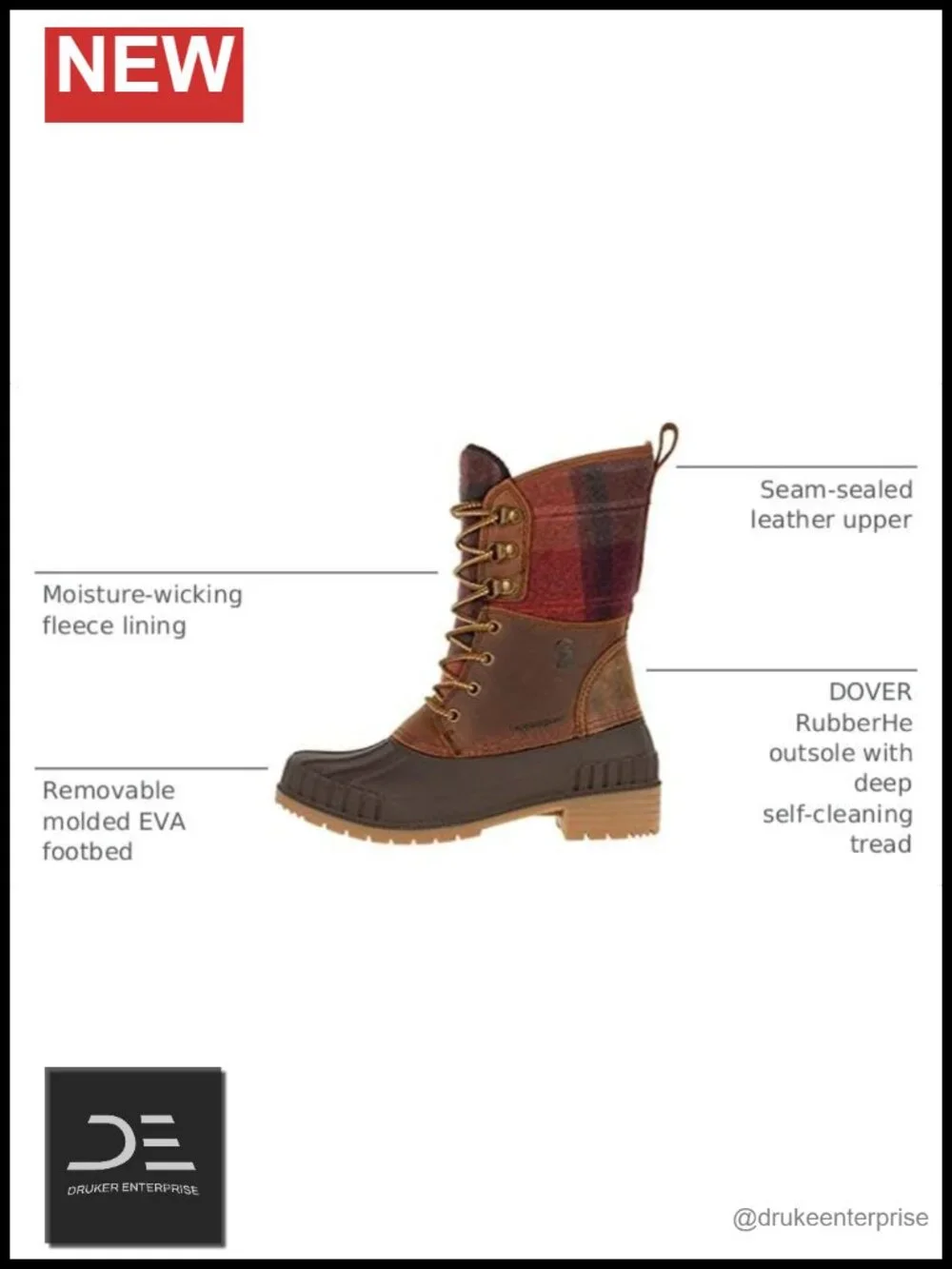 Seam-Sealed Waterproof Insulated Snow Boots Eco-Friendly Thermal Fleece Lining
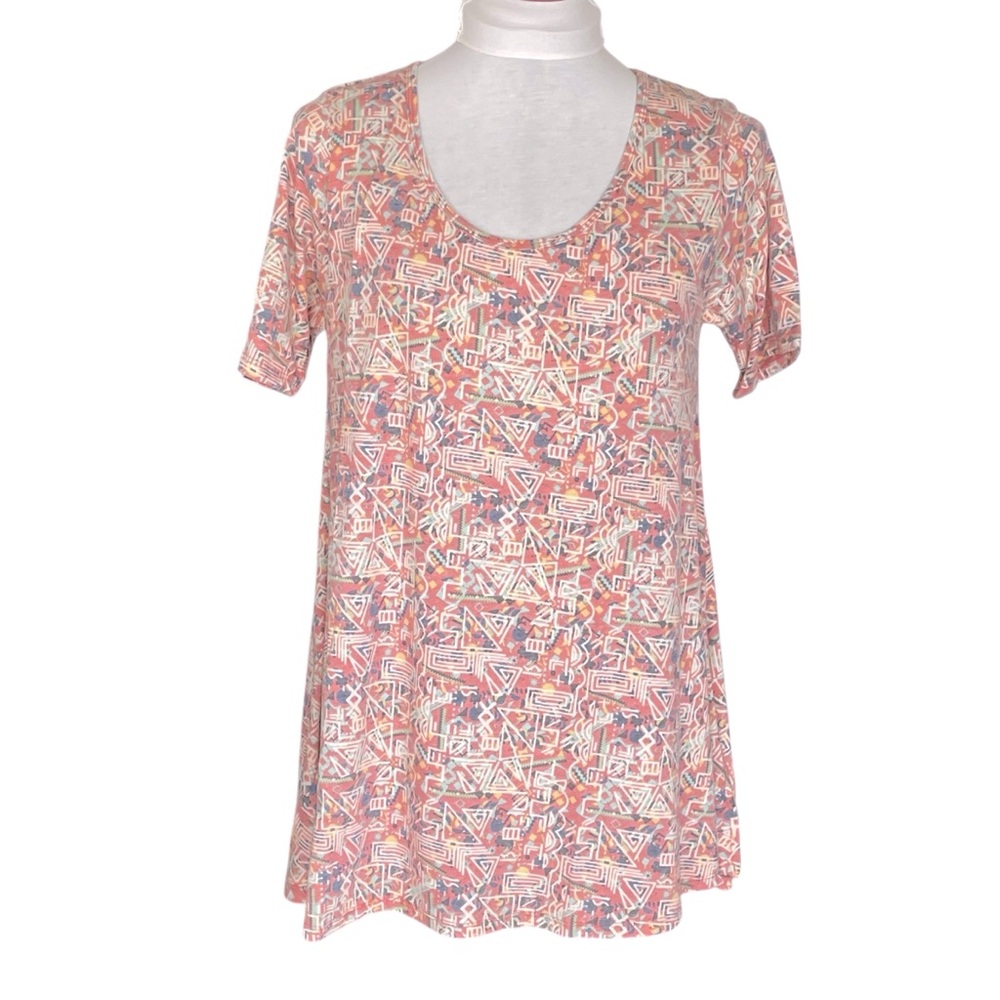 LuLaRoe Perfect T Tunic Top Swing Style Pastel Abstract Print Small (6-8)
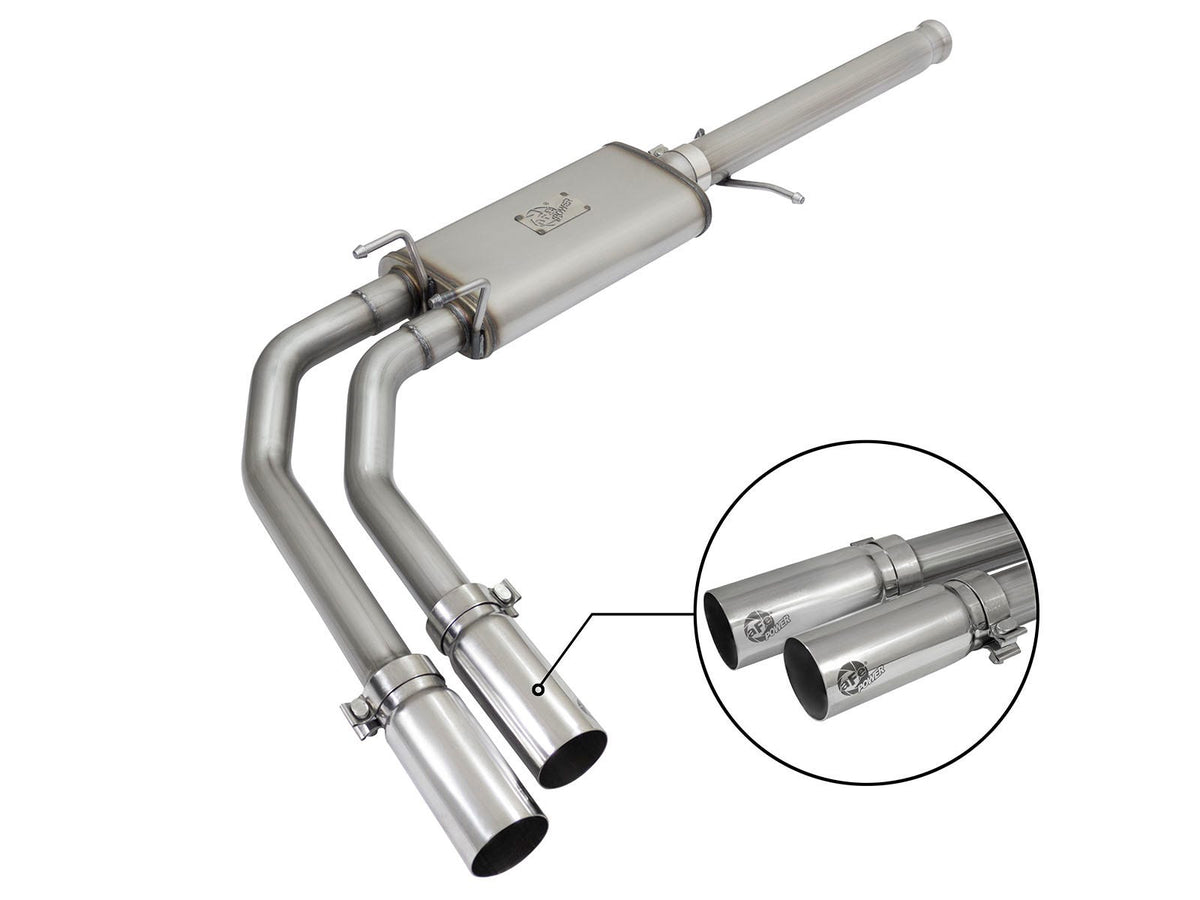 aFe Power Rebel Series 3 IN to 2-1/2 IN 409 Stainless Steel Cat-Back Exhaust System — GM Silverado/Sierra 1500 09-18 / Silverado LD/Sierra Limited 2019 V6-4.3/V8-4.8/5.3L — 49-44062-P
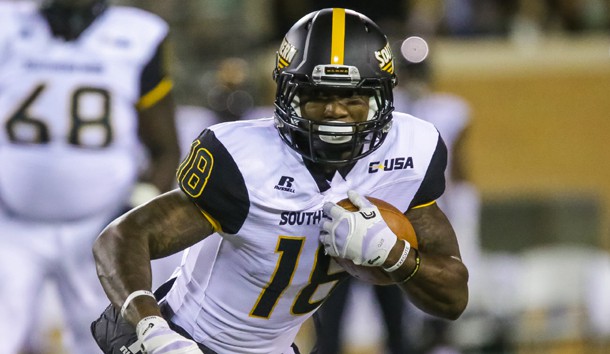 Nov 19, 2016; Denton, TX, USA; Southern Miss Golden Eagles wide receiver Korey Robertson (18) runs with the ball in the third quarter against North Texas Mean Green at Apogee Stadium. Photo Credit: Sean Pokorny-USA TODAY Sports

PROBLEM DESCRIPTION | Without any of its images, the data above should be returned exactly.

EXERCISE RESPONSE |
 Seam-Sealed Waterproof Insulated Snow Boots Eco-Friendly Thermal Fleece Lining
 LuLaRoe Perfect T Tunic Top Swing Style Pastel Abstract Print Small (6-8)
 aFe Power Rebel Series 3 IN to 2-1/2 IN 409 Stainless Steel Cat-Back Exhaust System — GM Silverado/Sierra 1500 09-18 / Silverado LD/Sierra Limited 2019 V6-4.3/V8-4.8/5.3L — 49-44062-P
 Nov 19, 2016; Denton, TX, USA; Southern Miss Golden Eagles wide receiver Korey Robertson (18) runs with the ball in the third quarter against North Texas Mean Green at Apogee Stadium. Photo Credit: Sean Pokorny-USA TODAY Sports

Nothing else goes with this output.